Hace pocos días, un amigo napolitano me habló de las lecciones de literatura que Lampedusa dio a unos cuantos jóvenes después de la Segunda Guerra Mundial. Inmediatamente pensé en su trabajo sobre Stendhal y en otro sobre Shakespeare, pero mi amigo es preciso en sus comentarios y si me hablaba de lecciones no se refería sólo a dos. Por mi parte no le di más vueltas hasta ayer: buscaba entre mis libros uno de Guido Ceronetti y al lado me apareció otro de Giuseppe Tomasi de Lampedusa, Conversaciones literarias, en la edición de Bruguera de 1983. Lo impecable del ejemplar y que yo lo hubiera olvidado indicaba que, como otras veces, había comprado el libro a la espera de que se diera la ocasión para leerlo. El azar –y la carta de mi amigo napolitano– habían propiciado esa ocasión.

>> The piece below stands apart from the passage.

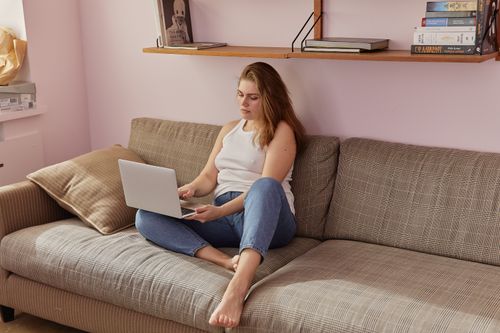 Free Woman in casual attire using a laptop on a sofa, embodying a relaxing work-from-home setup. Stock Photo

El libro entero se ocupa de la literatura francesa en el siglo XVI: Rabelais, Louise Labé –autora, por cierto, de uno de los más sensuales sonetos amorosos que se hayan escrito en Occidente–, Ronsard, Montaigne, los Memorialistas, entre otros tantos… Y pensé en cómo un hombre decide irse a vivir a la Francia del siglo XVI y pasar en ella sus mejores ratos. En la potestad humana de hacerlo a través de la literatura y cómo ésta obliga a dejar después un legado con todo eso. Lo que Lampedusa hizo con sus alumnos y a través del tiempo estaba haciendo conmigo, como años atrás había hecho Carlos Pujol con Saint-Simon, Balzac, Joubert y otros autores del XVIII y XIX. (Hablando de Carlos Pujol: la felicidad de poder leer, años después de su muerte, Escribir a contracorriente, una edición de sus entrevistas a cargo de la profesora Teresa Vallès Botey).
Pensé que entre la peste y el guirigay de la política nacional, vivir en otro siglo era una solución tan higiénica como no mirar los telediarios y sustituirlos por espacios como ‘Casas increíbles’ o ‘La cocina de Julie’. Por lo menos, en ambos programas se resalta lo mejor de la vida cotidiana –la ilusión de construirse la casa familiar, por ejemplo, o de viajar por el país y disfrutar de la elaboración de sus platos y vinos– y uno escapa del mefítico pantano adonde le dirigen las noticias. Habitar como Lampedusa el XVI francés, o el XVIII y XIX como hacía Carlos Pujol, quizá sea de las mejores cosas que tenemos a mano ante el panorama a la vista, cada vez más inútilmente complicado. Y no hablo tanto de estilo, como de tiempo, mientras nos apartamos de una nueva batalla de Guadalete y del rey Rodrigo mientras le comen por ‘do más pecado había’.
El peligro es exagerar. Durante la Ocupación alemana de Francia, vivía en París un anciano que vestía a la usanza del siglo XVII –peluca empolvada, casaca, medias negras y zapatos con grandes hebillas–, leía al duque de Saint-Simon y tocaba la espineta (lo contó Louis Pauwels en El retorno de los brujos). Aquel hombre iluminaba con velones su comedor y apenas salía de casa: lo justo para ir al colmado y a la panadería. Vivía tranquilo, alejado de la Historia. De la contemporánea, se entiende, porque pasaba las horas sumergido en legajos de cuando el país era un reino y Versalles su capital.
Cuando las tropas aliadas liberaron París, la agitación popular, los tiroteos y los gritos y tumultos callejeros le molestaron profundamente. Salió al balcón armado con su pluma de oca y su peluca y entre el temor y la irritación exclamó: ¡Viva Coblenza! A la turbamulta aquel grito les pareció alemán y la estrafalaria actitud del hombre un rasgo colaboracionista. Dicho y hecho: subieron a su casa y lo apalearon hasta matarlo al pobre. La ciudad de Coblenza, hacia donde se fugaba la familia real la noche de Varennes, y su vestimenta fueron su sentencia de muerte. Pero ¿qué época le condenó? ¿Fue aquel hombre el último guillotinado de la Revolución francesa? ¿O fue la necesidad de descargar la furia contra los collabos, cuando él no lo era?
La Historia, si pasa por debajo la ventana de casa, siempre es peligrosa. O sea que mejor hacemos como Lampedusa y nos pertrechamos en silencio.